I park the car in the usual place and kiss it goodbye, planting a smacker right on the top centre of the steering wheel. A bit odd perhaps, but it’s that kind of day.
The boot opens itself at the click of a button and I take the large backpack out. We’ve been through so much together, this backpack and I. First bought after saving for months at my first job, it contains within it my ticket to happiness – my oft-used and much-loved friend – my gorgeous, colourful wing.
I’m never happier than when I’m in the sky, and I’m confident that today will be no exception. I’ve already checked the weather five times (just to make sure conditions are perfect) and am delighted that my usual spot was available to park in.
Stepping into my harness, I check every strap and fastening twice. That’s the drill. It’s common sense really – falling out in mid-air is not a thing worth contemplating.
I heave the backpack on and secure it ready for the mile-long hike to my favourite launch site.
It’s hot today. I’m wearing long trousers and a jumper to save carrying them – it’s colder than you can imagine a few thousand feet up! Sweat begins to bead across my forehead and the bugs irritate me as I pass under trees, clouding around my face and getting in my hair. Nothing will stop me from having this day, though, so I trudge on, pack becoming ever-heavier, knowing that when I get there, it will all be worthwhile.
My heart lifts as I round the final corner.
There she is – my sweet launch spot. A long, languid slope down off the edge of a high cliff over the ocean. A beautiful incline surrounded by arable farmland (those fields provide *awesome* thermals, which can send me spiralling up and up for hours of fun), I’ve been coming here for years.
I’ve brought various people with me over the years. My mind scrolls through a list of them as I lay out my wing and check every line and every fastening. Twice. Because that’s the drill.
I re-pack it, smiling at memories of those I’ve glided with and those who were there to watch and greet me upon return. The corner of my mouth puckers slightly as I think about how no-one fancied coming today. Just bad timing I guess.
Up to the top of the hill now, and time to lie down in the hot grass for a drink of water. I bask in the sunshine, feeling it begin to dry my face, and enjoying the contrast with the coolness of the breeze rippling in from the nearby ocean. Birds sing in hedgerows and somewhere, far off, I can hear some kind of farm machinery, now fainter, now stronger, as though ploughing into the wind.
I spread the wing out on the ground and attach it to my harness. Checking every fastening and every strap. Twice. Because that’s the drill.
As long as I check and drill and focus, I know that the darkness can’t intrude. And in glorious sunshine like this, who wants it? Who needs it? Not me, that’s for sure!
I stand, watching the ocean, wing out behind me.
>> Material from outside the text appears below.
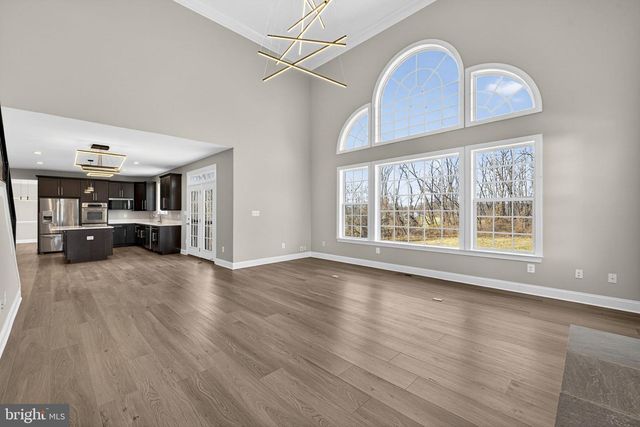 898 DECLARATION DR, Charles Town, WV 25414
I’m all strapped in and ready to go.
The adventure of a lifetime.
Heart beats faster with anticipation and excitement.
So fast it feels it might burst out through my throat.
I swallow, pull on my gloves and grab the lines (careful not to tangle them!)
Slowly, I begin to move, pulling against the harness like a pack horse to make the wing slide over the grass. If flutters and whispers as it smooths itself down the hill, imperceptibly beginning to fill with air.
It soon gets fat and rounded and cosy – the sun-on-fabric smell coming through strong, even with a head wind! It trundles now, sometimes skipping into the air a little, ripples running over its length.
All of a sudden it fills properly; snaps taut; is ready.
I brace myself and run, feeling rather than seeing it rise behind me, palms sweating as I keep pulling those lines forward, I catch a glimpse of it lifting up and up and … I’m away!
Legs suddenly pulled forward into a sitting position, harness tightening under knees and between thighs. Arms pulled high in celebration. I let out a crow of sheer joy – I’m airborne again.
I take a lazy turn across the launch site, watching my shadow become smaller and smaller as I make use of those lovely warm fields to give me some lift. The noise of the hedgerow birds fades, to be replaced with distant seagulls and the piercing-yet-lovely shrieks of swallows.
Round again and I head for the ocean, for the never-too-old delight of that sudden moment when the world drops away behind me, and I’m suddenly twice as high without the cliff in my way. I whoop again, laughing as a nearby seagull panics and flies away as fast as he can.
A few sharp turns and twists to show off and to feel the G-forces building, culminating in a stunningly perfect loop-the-loop. One I won prizes for in the dim and distant past. The past Before.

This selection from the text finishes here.